“The very essence of leadership is that you have to have vision. You can’t blow an uncertain trumpet.” – Theodore M. Hesburgh
This quote speaks volumes to us about our role in home. We cannot provide a vibrant home with outstanding leadership, creating outstanding leaders, without a vision.
Do you know how you want your home to look? Dysfunctional? Constrained? Or naturally holistic in its love for one another? All these have a commonality: leadership, or lack thereof. Each of us knows of a family that can fit into a category, and let me say this, “normal” is not a category. You are an individual – and so are the members of your family.
No family is meant to be dysfunctional. Not trying to play the guilt game, but it really does boil down to consistent genuine and loving servant leadership in the home – providing consistent vision in your leadership. When I reflect on leaders, where the relationship is genuine and has a strong foundation built on trust, the common denominator is that the leader is consistent in their behavior and, in turn, so are the ones they are leading. Children crave consistency. Most often, this consistency is all that is needed. They will begin to submit themselves to a genuine loving leadership.
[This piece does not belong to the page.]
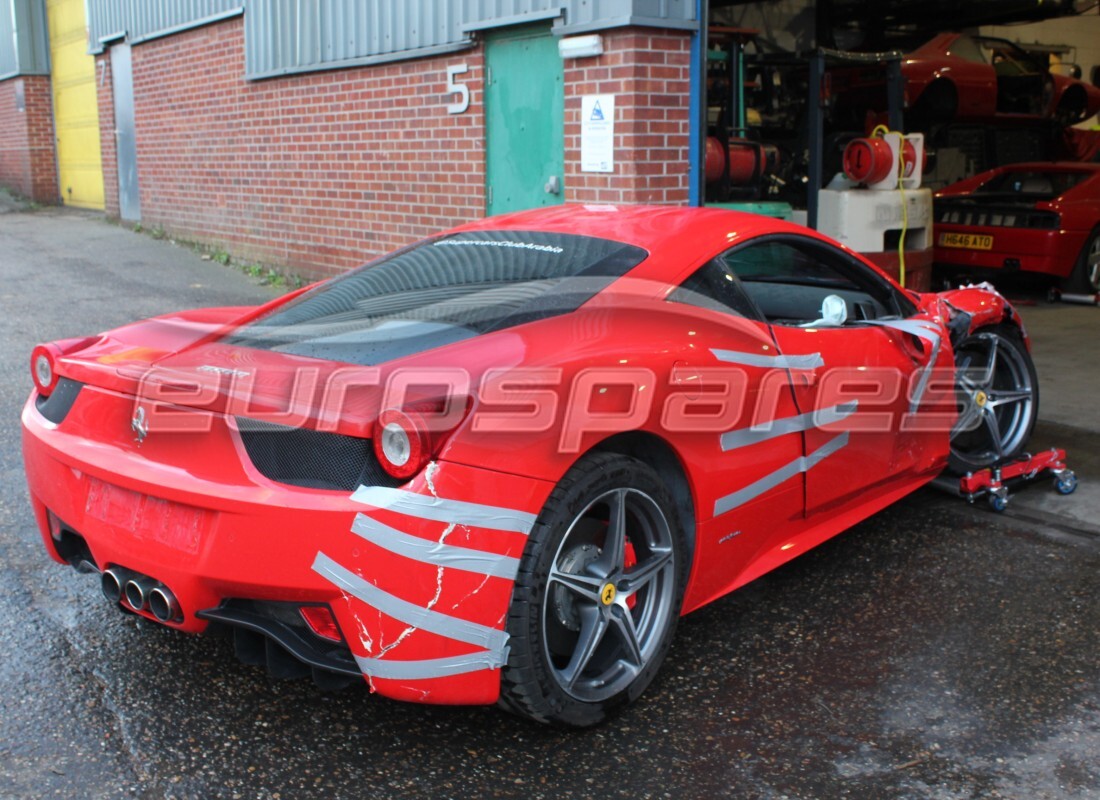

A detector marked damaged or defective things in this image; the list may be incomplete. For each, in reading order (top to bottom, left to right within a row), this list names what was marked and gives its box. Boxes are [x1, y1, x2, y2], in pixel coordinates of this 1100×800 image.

damaged red sports car [23, 206, 1038, 726]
The most critical part of leadership is being present. Yes, I am going there! You cannot be a leader without being present. That means playing an active role in your child’s life. You simply cannot be too busy to be a leader in your family. Leading from a far always leads to massive course corrections, and those never lend themselves to happy situations.
As a father, husband, and leader in our home, I am mindful of my role. I am aware that my words and actions matter. It is essential that I think, speak, and act accordingly. If I do not make a conscious decision to be a leader at home, it is highly unlikely that I can even pretend to be a leader elsewhere. As a leader of ourselves and within our homes, we must continually strive to improve. A life of learning, listening, and reflection protects us from egocentricity, insouciance, and anxiety that constricts our growth and keeps us from transitioning the life-learned lessons within the home to external worlds – where we can be of useful service to our families, and others.
May God lead us all to a greater understanding of parenting. My child is a product of my parenting.